[Exercise data]
-- Opening Marker --
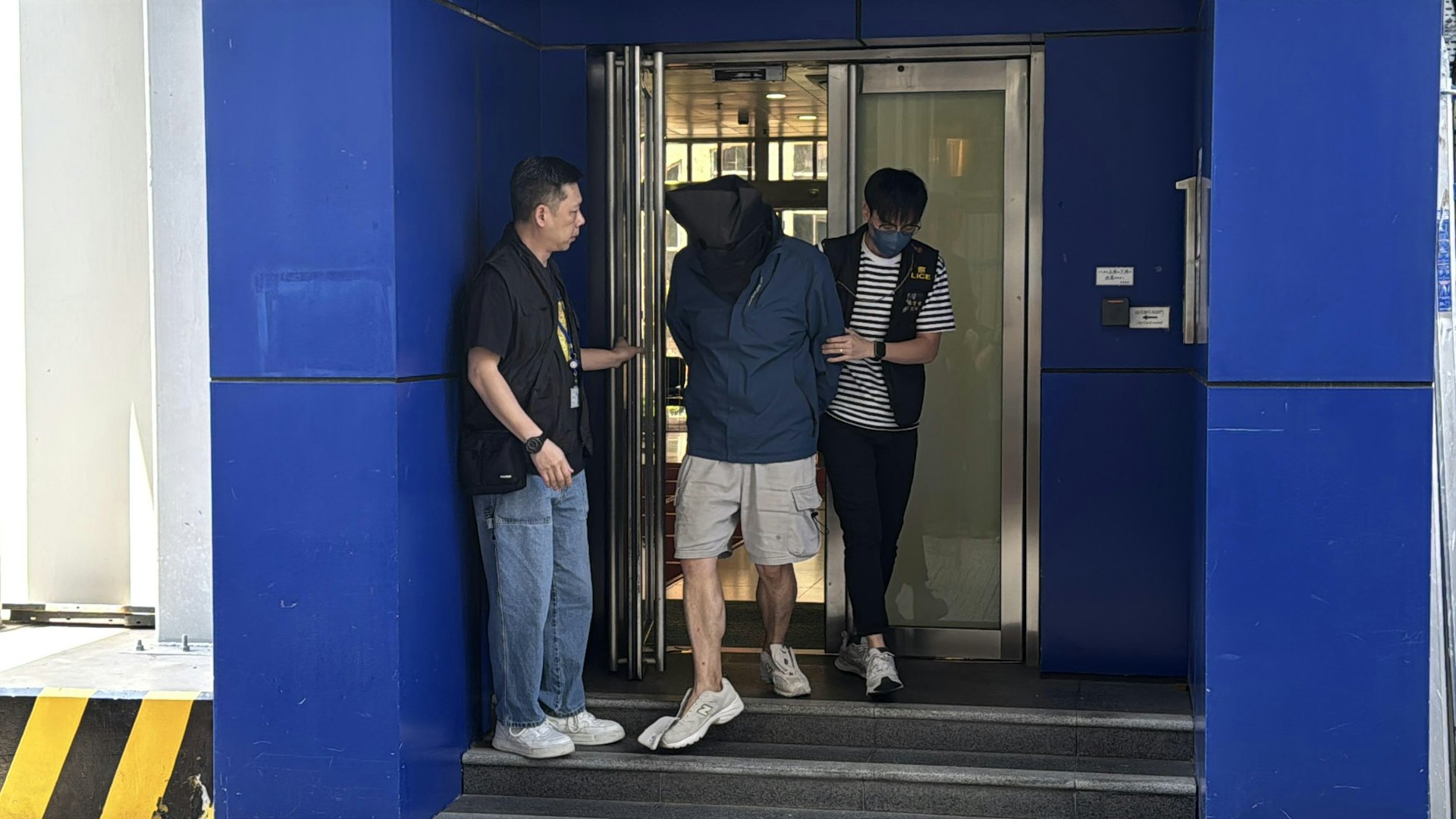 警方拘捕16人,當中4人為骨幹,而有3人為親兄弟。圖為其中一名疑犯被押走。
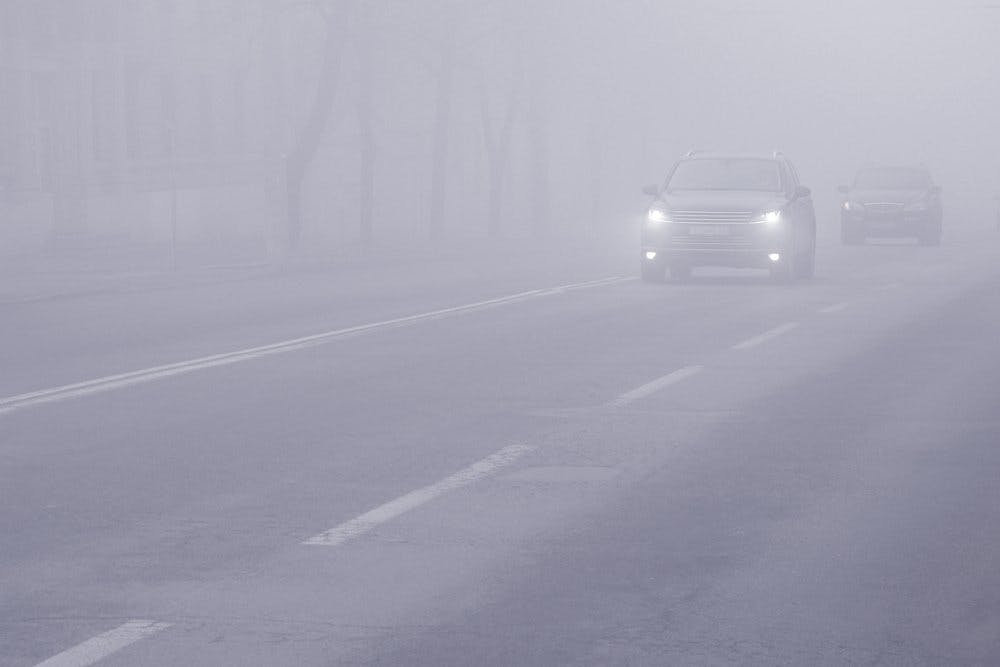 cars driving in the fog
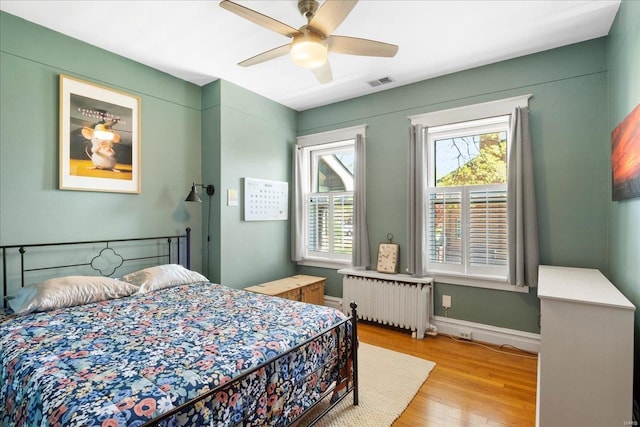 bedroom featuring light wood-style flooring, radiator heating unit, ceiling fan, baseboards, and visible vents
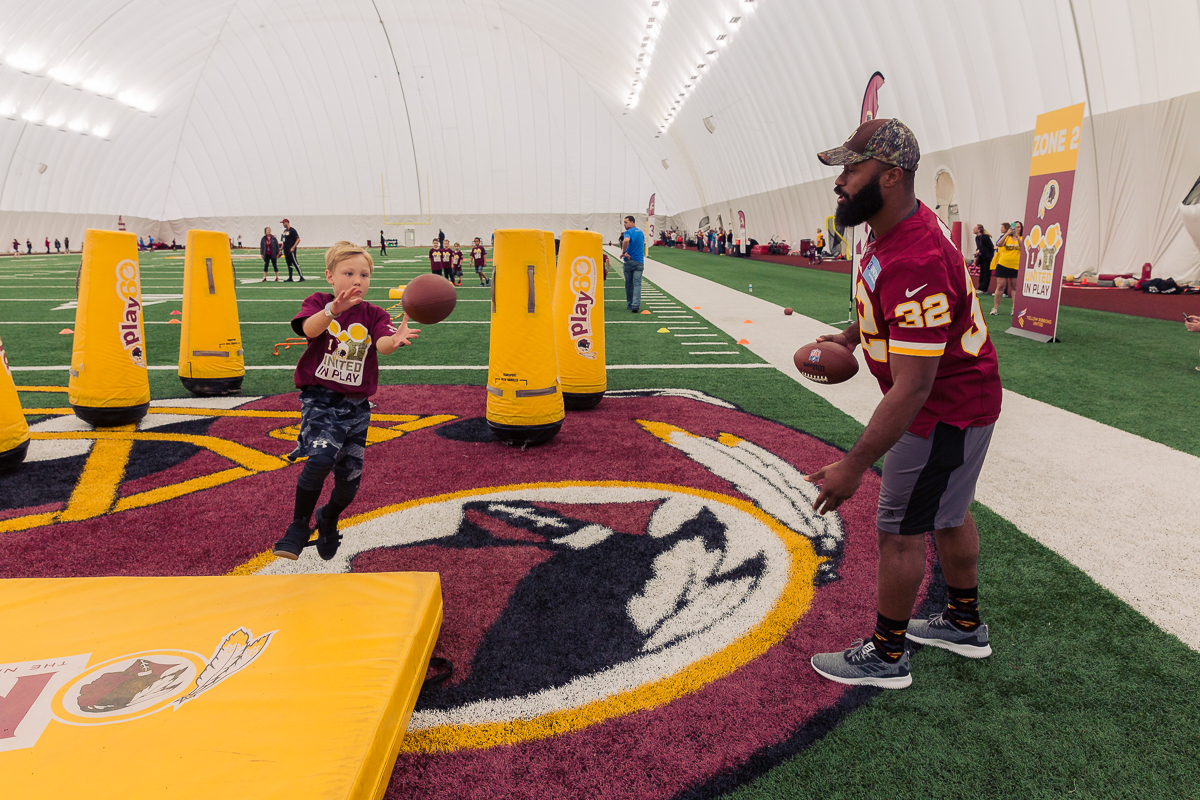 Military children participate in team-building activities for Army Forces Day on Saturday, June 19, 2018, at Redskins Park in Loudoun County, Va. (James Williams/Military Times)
-- Closing Marker --
Exactly the lines from the top of the listing through the line with "bedroom featuring light", and no pictures, should be printed.

[Solution to this task]
 警方拘捕16人,當中4人為骨幹,而有3人為親兄弟。圖為其中一名疑犯被押走。
 cars driving in the fog
 bedroom featuring light wood-style flooring, radiator heating unit, ceiling fan, baseboards, and visible vents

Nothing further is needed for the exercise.